The London Design Festival saw the launch of MINI LIVING’s Urban Cabin concept – the British car brand’s first foray into architecture. Described by the brand as a “a communal modular-structure,” the Landmark project on the Southbank was designed in collaboration with London-based architect Sam Jacob. “As increasing city urbanization makes private space more and more of a luxury, the demand for multi-purpose communal spaces, co-housing and sharing communities rises – paving the way for brands like MINI LIVING to provide innovative solutions,” said a statement from the brand.
The collaboration is based on the idea of London as a city of contrasts between past and present. “I’ve always been interested in combinations, juxtapositions and fusions; in how projects can draw on different references and forge alternative possibilities,” says Jacob. “Often this means bringing apparent opposites together to create unexpected alliances and design languages. The aim is to open up the possibilities of design while also making reference to the world around us.” The copper-mesh cladding reflected the contrasting architecture that surrounded the site in front of London’s Barge House.
MINI LIVING is part of the brand’s exploration beyond the world of automotive and takes the form of a long-term research project into the future of urban habitats, exploring how innovative design and the creative use of space can respond to the increasingly complex needs of city-dwellers. As well as a central relaxing space, each designer MINI collaborates with is asked to design a kitchen and one other module that represents their city.

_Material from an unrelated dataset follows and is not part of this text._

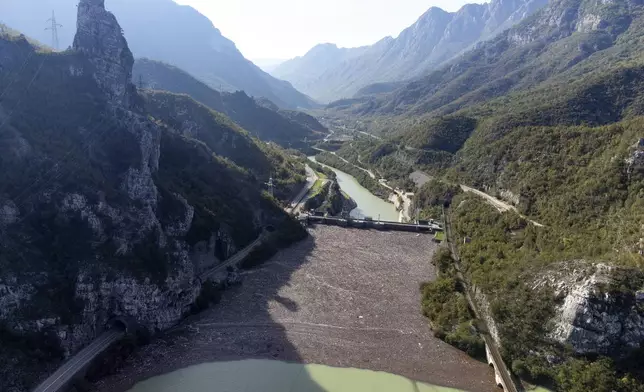 Aerial view of waste stuck at the dam on the Neretva river caused by landslides, torrential rain and flash floods in Grabovica, Bosnia, Sunday, Oct. 13, 2024. (AP Photo/Armin Durgut)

Sam Jacob Studio chose to design a shared kitchen with an extending table, inspired by the contribution to contemporary food culture that street markets have made in the capital.
He also conceived a micro-library stocked with books about London. In a bid to resurrect the library as a space to learn, borrow and meet people, against a backdrop of the proportion of adults visiting public libraries in England falling by almost a third over the last decade. Visitors are encouraged to bring in their own books and swap them for them tomes in the library. This pod’s layering of different materials was inspired by the layers of history that exist metaphorically in London and literally in the bed of the River Thames that runs through its heart.
MINI LIVING is seeking to address the shortage of attractive, affordable housing in cities by proposing concepts for a shared-living model. “In an increasingly generic urbanized world, we can use design to turn spaces into useful and significant places for the city; places that offer specific local characteristics and functions to create a unique identity on various experiential layers,” says Oke Hauser, creative lead of MINI LIVING.
London Design Festival director Ben Evans adds: “Everyone lives and works somewhere, but most of us rarely think about the spaces and places we inhabit. This landmark project, like all London Design Festival projects, challenges us to pause and consider how design frames and defines our living world.” Further Urban Cabins will be popping up in major cities in the coming months, from New York to Shanghai, all with the aim for developing a habitable environment by 2018. Watch this space.